「トレーニング・デイ」一線を越えた先に見えたものは。

「トレーニング・デイ」一線を越えた先に見えたものは。


【作品情報】

2001年アメリカ映画。(原題:Training Day)
ロス市警の新人刑事のトレーニングデイ(訓練日)を描いたサスペンスドラマ。監督は「マグニフィセントセブン」のアントワーン・フークア。主演のデンゼル・ワシントンは2001年のアカデミー主演男優賞を受賞。共演イーサン・ホーク、スコット・グレン、エヴァ・メンデスほか。

【あらすじ】

ロス市警(LAPD)の麻薬取締課に配属された新人刑事ジェイク(イーサン・ホーク)は、ベテラン捜査官アロンゾ(デンゼル・ワシントン)と組むことになったのだが、「狼を倒せるのは狼だけ」=悪を倒すには悪になる必要があるというアロンゾに、正義感の強いジェイクは次第に不信感を募らせていく。一方アロンゾにはある計画があった。
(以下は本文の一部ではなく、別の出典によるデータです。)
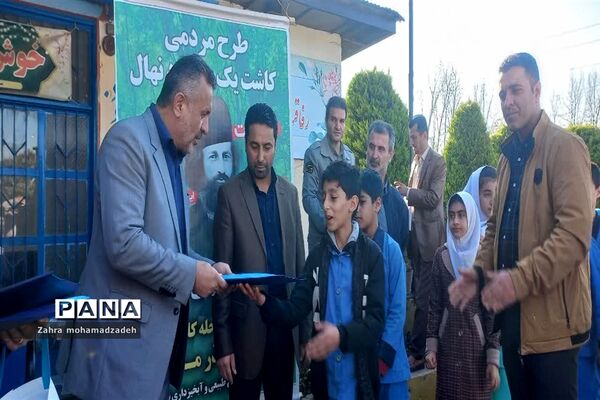 آغاز رسمی کاشت نهال به اسم کودکان غزه و پویش میرزا کوچک خان جنگلی در مدرسه وحدت اهلم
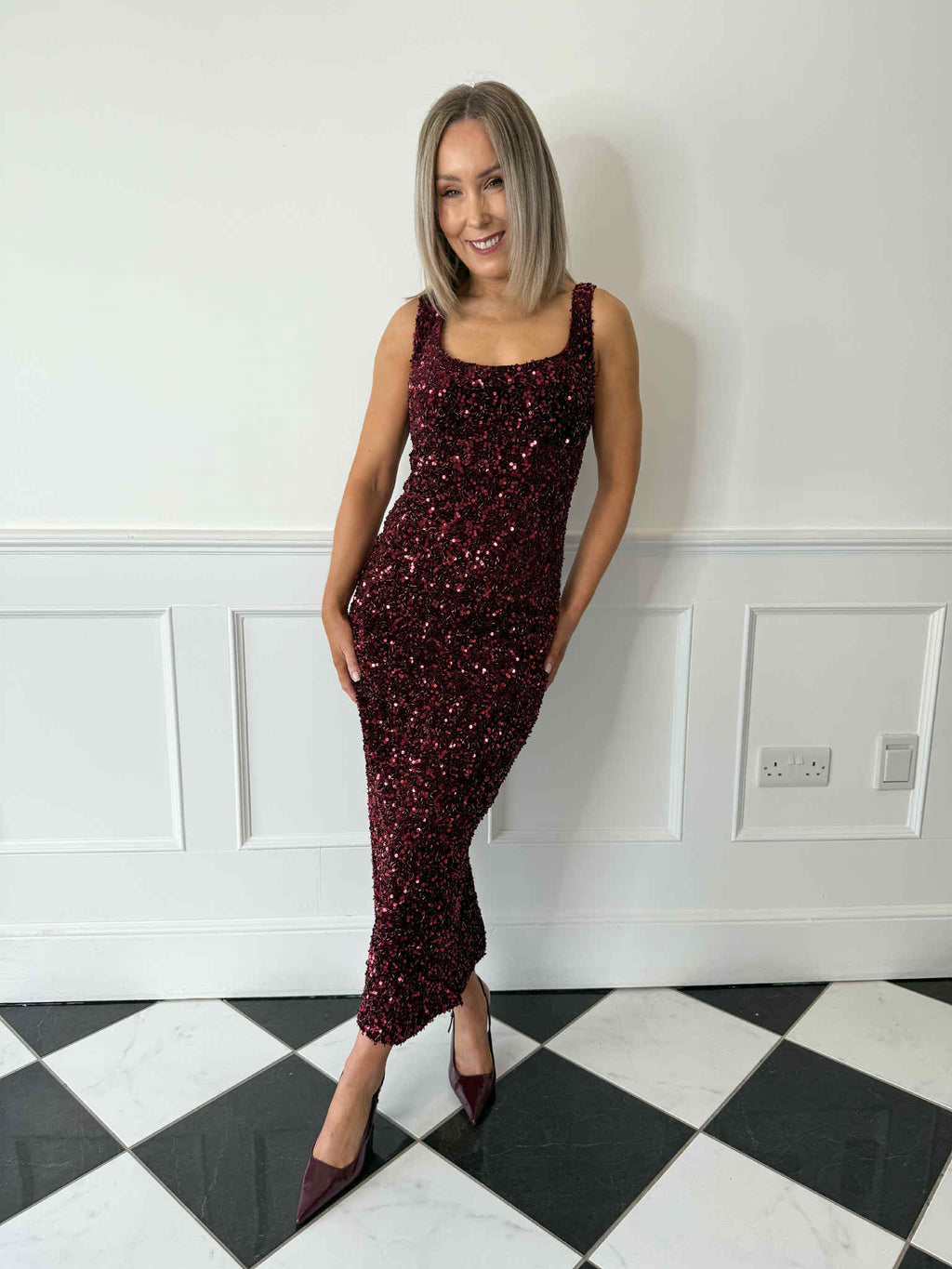 Jovie Sequin Square Neck Midi Dress - Burgundy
「トレーニング・デイ」はよくあるバディものとは一線を画す映画です。バディものだと大抵、最初は反発し合いながら最後にはお互いを受け入れる。みたいな構図が多いのですが、この映画は、そんな生易しいものではありません。“悪徳刑事”と“正義の刑事”の対立が最後まで続きます。

始めは、アロンゾ刑事のやり方に新人刑事のジェイクは戸惑いを見せつつ、こういうものなのかと自分を納得させます。しかし流されるがまま、どんどん犯罪に巻き込まれていく。途中までは、どうなるんだろうとドキドキしながら見れますが、ラストはスッキリしない酷い終わり方です。

結局アロンゾはとんでもない悪徳刑事で、最後まで悪徳のまま。
ジェイクは正義を貫く刑事に見えますが、アロンゾが悪人すぎるので、ただ当たり前に反発するだけです。何が正義で何が悪なのか、という映画としての深い考察は一切ありません。

アロンゾは昔の自分もジェイクのように正義感にあふれていた、でも現実は自分のようにしなければやっていけない、と説教をしますが、ただのこじつけであり、共感できる所は全くありません。

この映画から何かを得られるということは全くないと言っていいでしょう。ただエンタメものとしては充分観るに堪える作品なので、それなりに楽しめます。それ以外に言うことはない映画です。

よくロス市警は映画の題材になりますが、実際こんなにひどいものなのでしょうか。汚職警官が当たり前にいて、トップまで汚れている。こんな世界にいたら、命を危険にさらしてまで正義のために職務を尽くすのは馬鹿らしくなりますよね。さすがにアロンゾのような悪徳刑事はそうそういないと思いますが。

「トレーニング・デイ」は題材が面白いので、もっと作り込めば良い映画になったと思います。そういう意味で色々と残念な映画ではあります。